> _Problem to work on_:
Which lines below contain the word "Casa"? Copy each one.

> _Data extracts_:
----

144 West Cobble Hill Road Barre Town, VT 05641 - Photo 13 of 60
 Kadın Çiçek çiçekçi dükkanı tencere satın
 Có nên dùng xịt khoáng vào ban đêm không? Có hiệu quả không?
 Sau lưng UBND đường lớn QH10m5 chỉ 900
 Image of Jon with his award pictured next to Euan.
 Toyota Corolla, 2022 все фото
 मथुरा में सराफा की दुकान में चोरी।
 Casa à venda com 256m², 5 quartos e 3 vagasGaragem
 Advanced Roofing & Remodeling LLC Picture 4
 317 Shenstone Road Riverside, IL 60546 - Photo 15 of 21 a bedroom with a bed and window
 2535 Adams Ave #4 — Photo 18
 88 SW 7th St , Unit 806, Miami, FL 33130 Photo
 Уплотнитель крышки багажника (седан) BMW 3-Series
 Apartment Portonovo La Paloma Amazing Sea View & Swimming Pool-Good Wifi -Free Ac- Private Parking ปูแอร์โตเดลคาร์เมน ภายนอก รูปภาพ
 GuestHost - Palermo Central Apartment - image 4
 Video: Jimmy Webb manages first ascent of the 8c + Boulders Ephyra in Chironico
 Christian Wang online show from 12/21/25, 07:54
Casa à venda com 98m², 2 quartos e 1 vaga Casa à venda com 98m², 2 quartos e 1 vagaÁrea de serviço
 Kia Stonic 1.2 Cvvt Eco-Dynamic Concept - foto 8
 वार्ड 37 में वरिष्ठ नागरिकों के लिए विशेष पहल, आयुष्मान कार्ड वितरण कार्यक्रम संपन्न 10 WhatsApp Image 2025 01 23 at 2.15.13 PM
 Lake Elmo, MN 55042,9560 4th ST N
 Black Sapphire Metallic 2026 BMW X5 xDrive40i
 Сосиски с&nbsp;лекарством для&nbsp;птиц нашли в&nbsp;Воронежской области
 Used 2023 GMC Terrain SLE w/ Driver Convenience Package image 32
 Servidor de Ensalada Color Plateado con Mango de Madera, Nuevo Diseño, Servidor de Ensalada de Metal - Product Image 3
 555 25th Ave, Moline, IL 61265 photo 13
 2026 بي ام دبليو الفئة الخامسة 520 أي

----

> _Solution to this task_:
 Casa à venda com 256m², 5 quartos e 3 vagasGaragem
Casa à venda com 98m², 2 quartos e 1 vaga Casa à venda com 98m², 2 quartos e 1 vagaÁrea de serviço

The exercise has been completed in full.